What is expected
Read the data and repeat it in full, exactly.

Information shown
- Opening Delimiter -
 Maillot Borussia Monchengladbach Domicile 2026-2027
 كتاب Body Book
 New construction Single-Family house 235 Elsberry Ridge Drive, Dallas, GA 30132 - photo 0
- Closing Delimiter -
Reply
 Maillot Borussia Monchengladbach Domicile 2026-2027
 كتاب Body Book
 New construction Single-Family house 235 Elsberry Ridge Drive, Dallas, GA 30132 - photo 0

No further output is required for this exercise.